This widget accepts a long list of names in Farsi. It currently contains the names of all Iranian villages (about 48.200 names), but you can import any other list you like as long as it includes a column named **'name'**.
The widget will then convert the names to phonetics and suggest 10 names with phonetic similarities to the name you entered.

In [34]:
# What name do you like? Say it preferably in Farsi, but English also works
# Here is some Farsi name examples (زاو، اوریم، نیما، اسنپ)

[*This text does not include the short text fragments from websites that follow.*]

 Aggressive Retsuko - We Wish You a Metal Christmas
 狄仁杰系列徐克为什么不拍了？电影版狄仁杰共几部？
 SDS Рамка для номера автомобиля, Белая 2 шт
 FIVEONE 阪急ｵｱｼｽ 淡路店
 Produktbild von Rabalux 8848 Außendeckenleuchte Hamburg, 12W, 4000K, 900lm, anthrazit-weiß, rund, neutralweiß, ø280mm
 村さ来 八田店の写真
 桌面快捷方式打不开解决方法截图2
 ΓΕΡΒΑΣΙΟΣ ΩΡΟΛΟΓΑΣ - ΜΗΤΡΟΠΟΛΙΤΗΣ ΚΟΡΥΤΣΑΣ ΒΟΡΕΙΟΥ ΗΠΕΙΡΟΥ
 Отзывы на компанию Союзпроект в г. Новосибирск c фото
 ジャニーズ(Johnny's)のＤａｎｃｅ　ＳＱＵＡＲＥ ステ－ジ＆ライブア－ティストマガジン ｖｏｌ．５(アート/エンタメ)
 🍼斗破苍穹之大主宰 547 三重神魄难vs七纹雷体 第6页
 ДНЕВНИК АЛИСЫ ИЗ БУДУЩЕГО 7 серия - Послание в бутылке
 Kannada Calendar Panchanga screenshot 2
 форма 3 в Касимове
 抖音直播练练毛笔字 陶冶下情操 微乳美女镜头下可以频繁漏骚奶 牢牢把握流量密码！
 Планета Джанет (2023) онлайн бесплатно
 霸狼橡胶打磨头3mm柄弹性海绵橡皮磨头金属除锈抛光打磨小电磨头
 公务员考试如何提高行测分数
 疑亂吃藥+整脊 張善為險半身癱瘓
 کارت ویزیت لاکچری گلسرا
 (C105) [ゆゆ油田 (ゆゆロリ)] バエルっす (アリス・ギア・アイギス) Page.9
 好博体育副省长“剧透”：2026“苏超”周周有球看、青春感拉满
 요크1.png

my_word = input("What is your favorit name in Farsi: ")

What is your favorit name in Farsi: اسنپ


## **Codes**

### **required Libraries**

In [35]:
import pandas as pd
import regex as re
import gdown
import pandas as pd

### **Name Source on Google Drive**

In [36]:
# Define the Google Drive file ID
file_id = "1diRpnHII0HCeemkZhdXxQTG94JvM54_g"
download_url = f"https://drive.google.com/uc?export=download&id={file_id}"
output_file = "data.xlsx"

# Download the file
gdown.download(download_url, output_file, quiet=False)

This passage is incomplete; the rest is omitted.